§ Exercise aim:
Quote the listing below in full and exactly as written, but omit every picture.

§ Entries supplied:
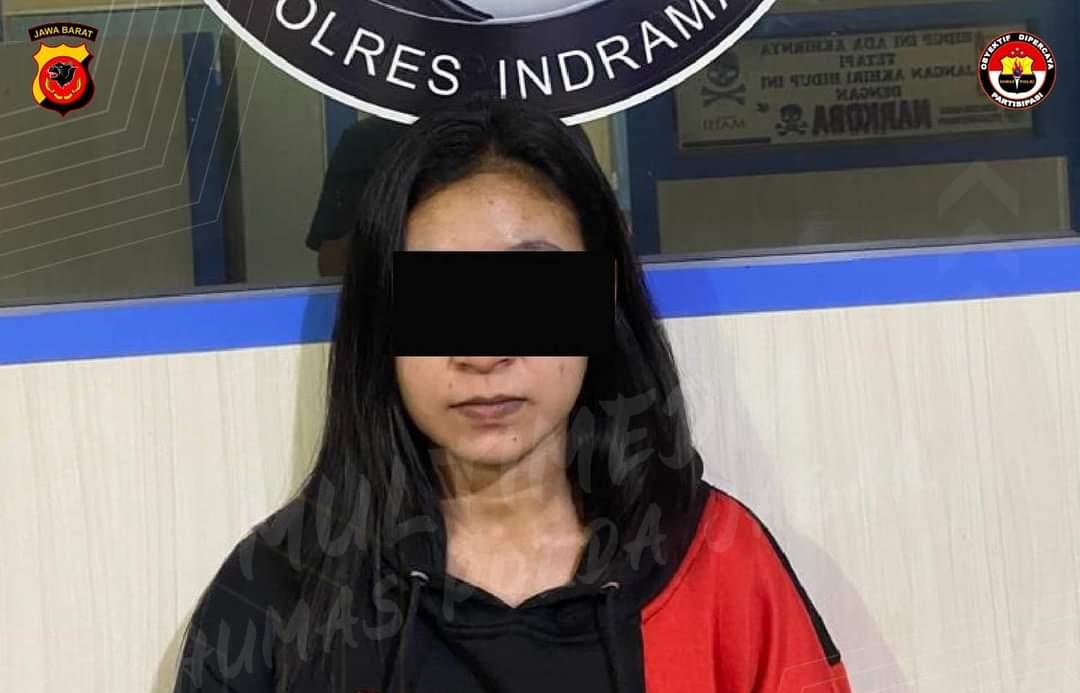 Polres Indramayu Amankan Seorang Wanita Muda Yang Diduga Kuat Terlibat Ketersediaan Obat Farmasi Tanpa Izin Edar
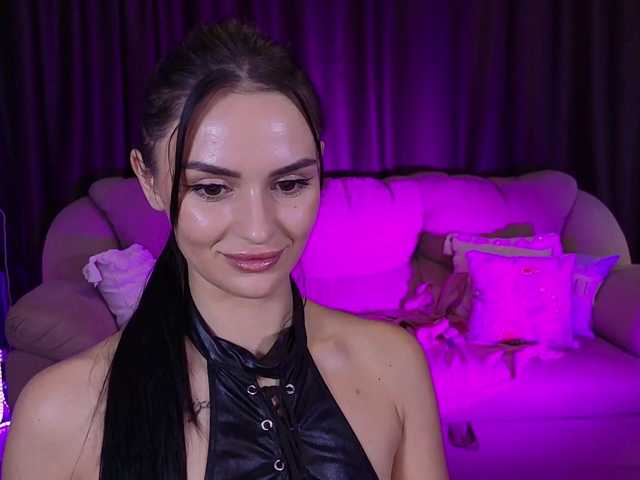 MilaSweety1 online show from August 3, 1:12 am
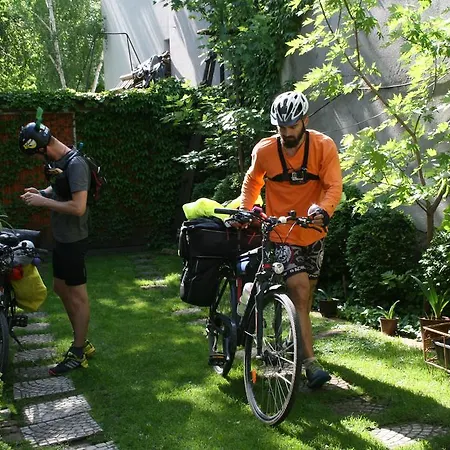 Base For Adventurers - Urban Guerrilla 2* Negotin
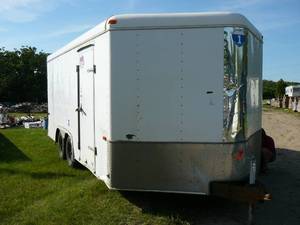 lot 65 image: 2003 Enclosed Trailer  8 x 16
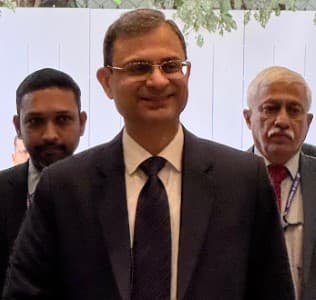 RBI-Policy-MPC-delivers-first-rate-cut-in-5-yrs-repo-rate-lowered-by-25-bps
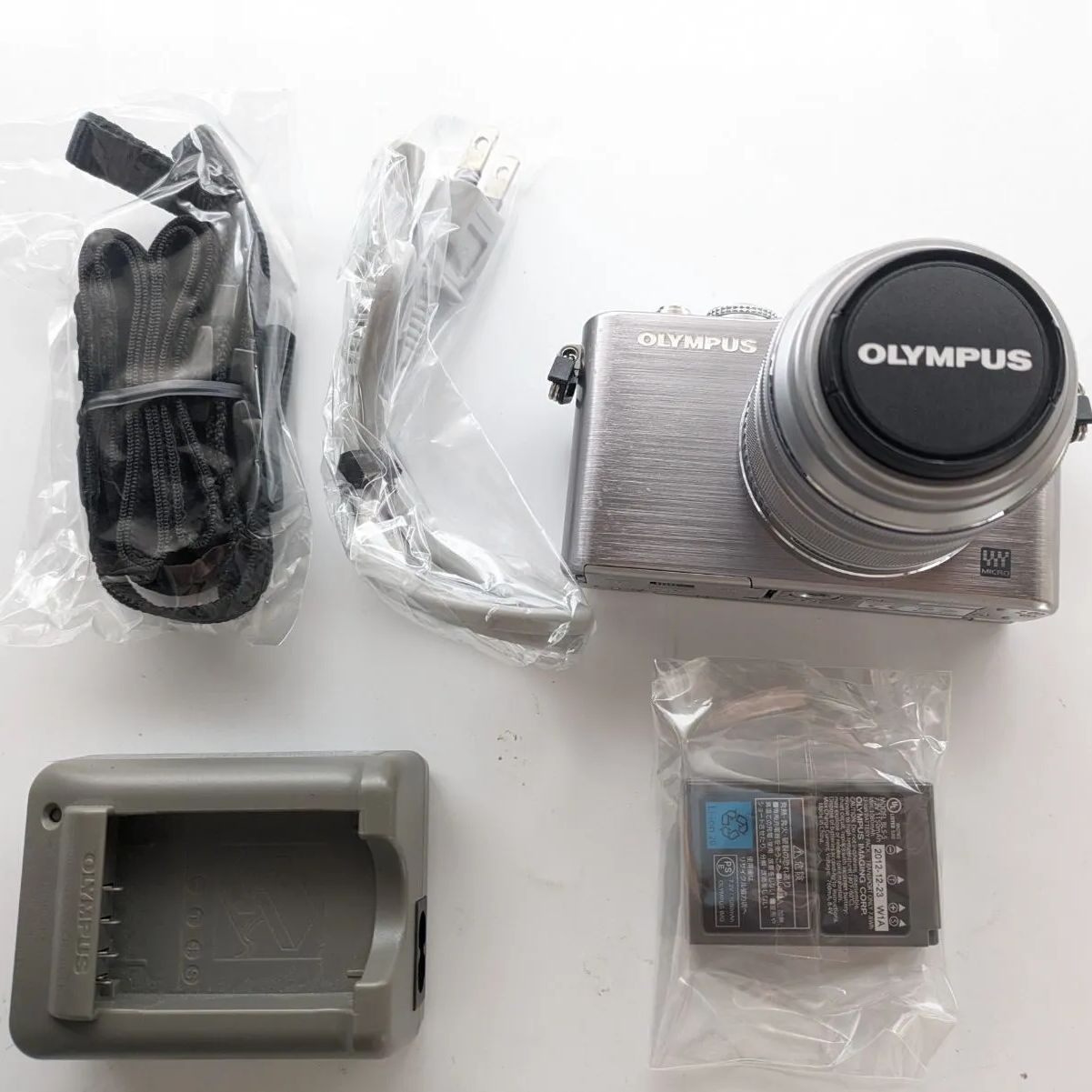 中古品｜動作確認済み】OLYMPUS E-PL3 LKIT SLV OLYMPUS PEN Lite E ...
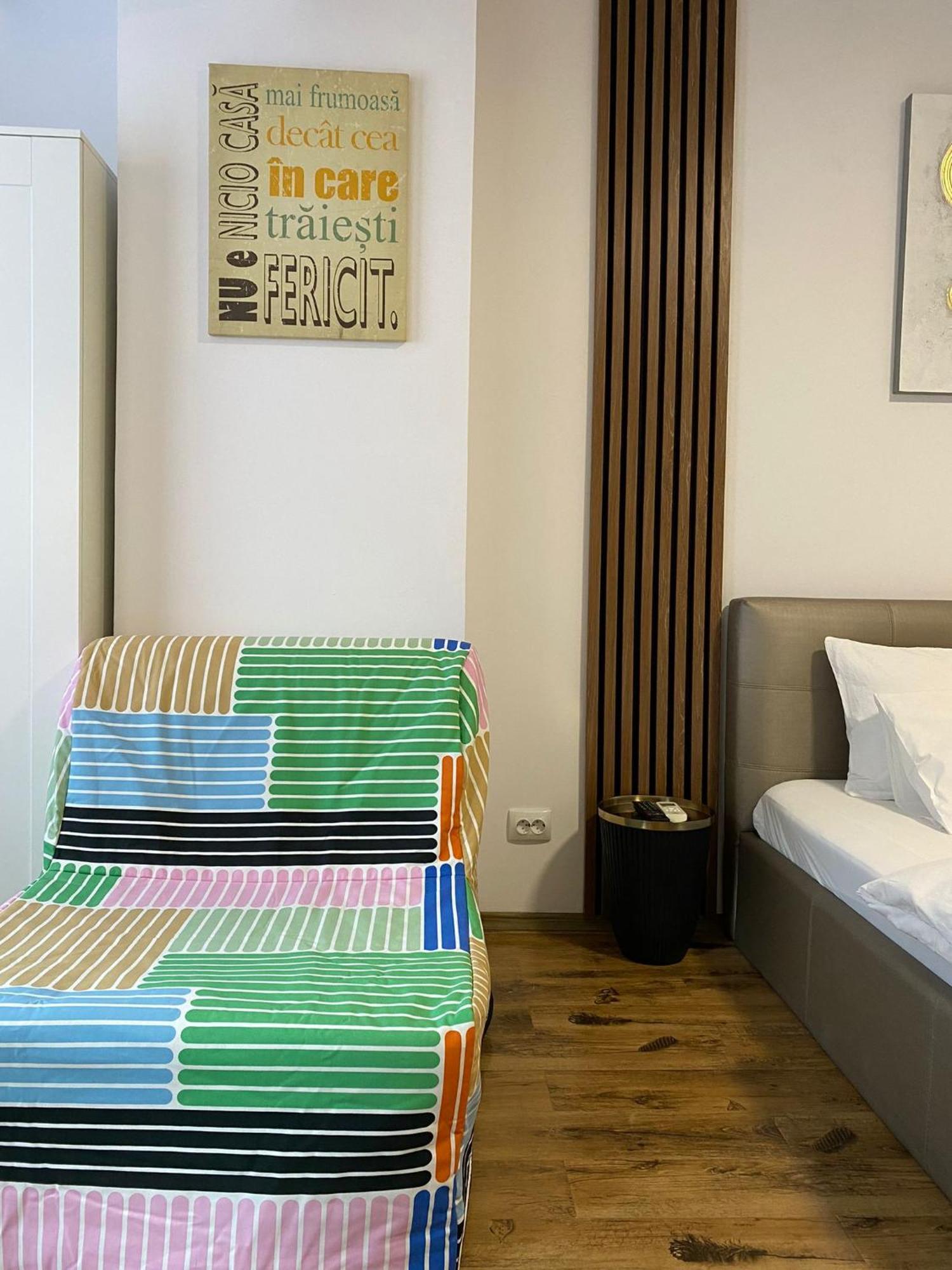 Central Studio Bucharest Bucureşti Ngoại thất bức ảnh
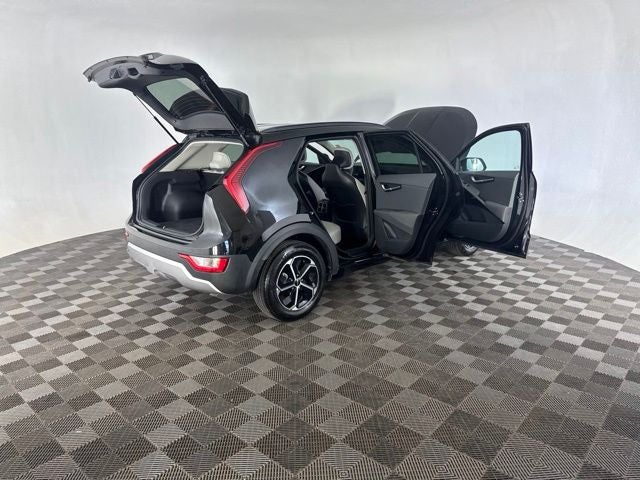 2025 Kia Niro EX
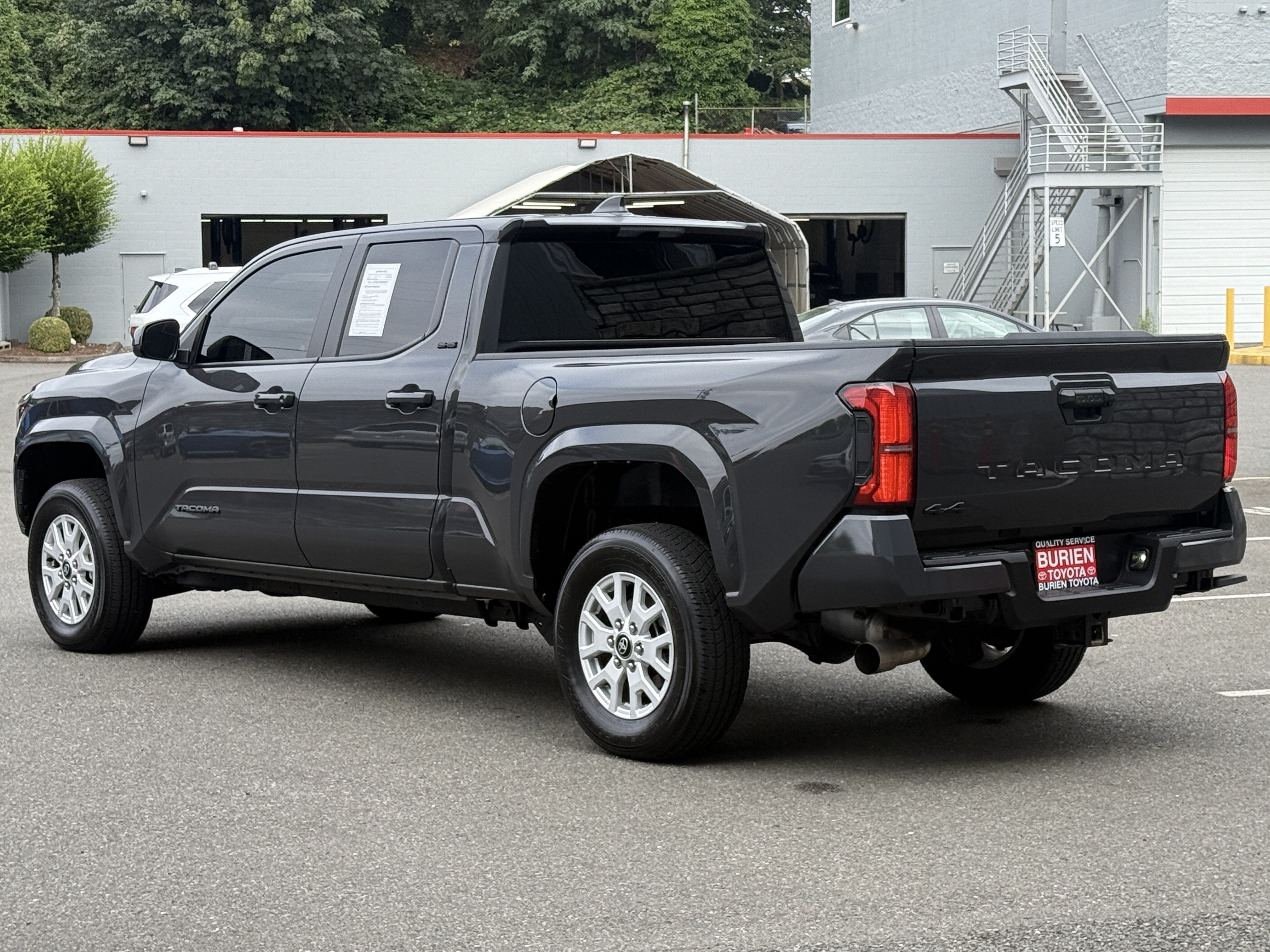 2025 Toyota Tacoma 4WD SR5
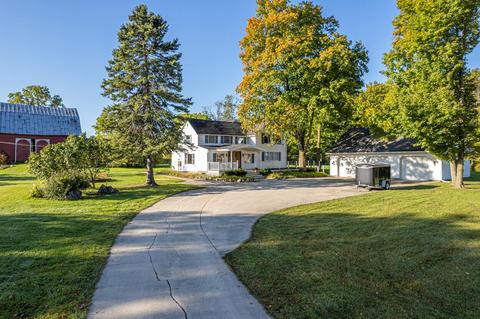 8875 W Jerseyville Rd, Blanchard, MI 49310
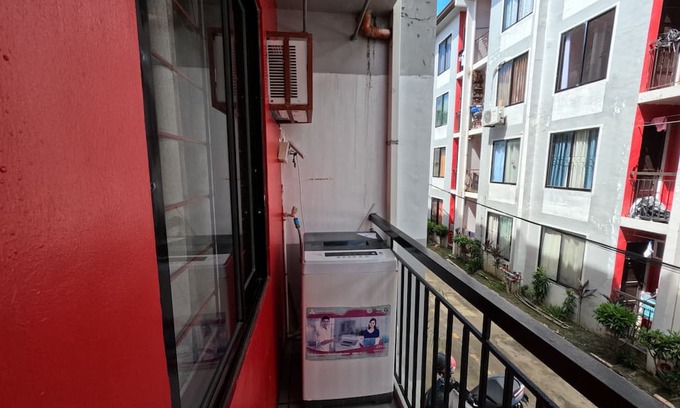 Mandaue Condo | 2-bedroom condo in welcoming Mandaue Deca homes with AC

§ Answer below:
 Polres Indramayu Amankan Seorang Wanita Muda Yang Diduga Kuat Terlibat Ketersediaan Obat Farmasi Tanpa Izin Edar
 MilaSweety1 online show from August 3, 1:12 am
 Base For Adventurers - Urban Guerrilla 2* Negotin
 lot 65 image: 2003 Enclosed Trailer  8 x 16
 RBI-Policy-MPC-delivers-first-rate-cut-in-5-yrs-repo-rate-lowered-by-25-bps
 中古品｜動作確認済み】OLYMPUS E-PL3 LKIT SLV OLYMPUS PEN Lite E ...
 Central Studio Bucharest Bucureşti Ngoại thất bức ảnh
 2025 Kia Niro EX
 2025 Toyota Tacoma 4WD SR5
 8875 W Jerseyville Rd, Blanchard, MI 49310
 Mandaue Condo | 2-bedroom condo in welcoming Mandaue Deca homes with AC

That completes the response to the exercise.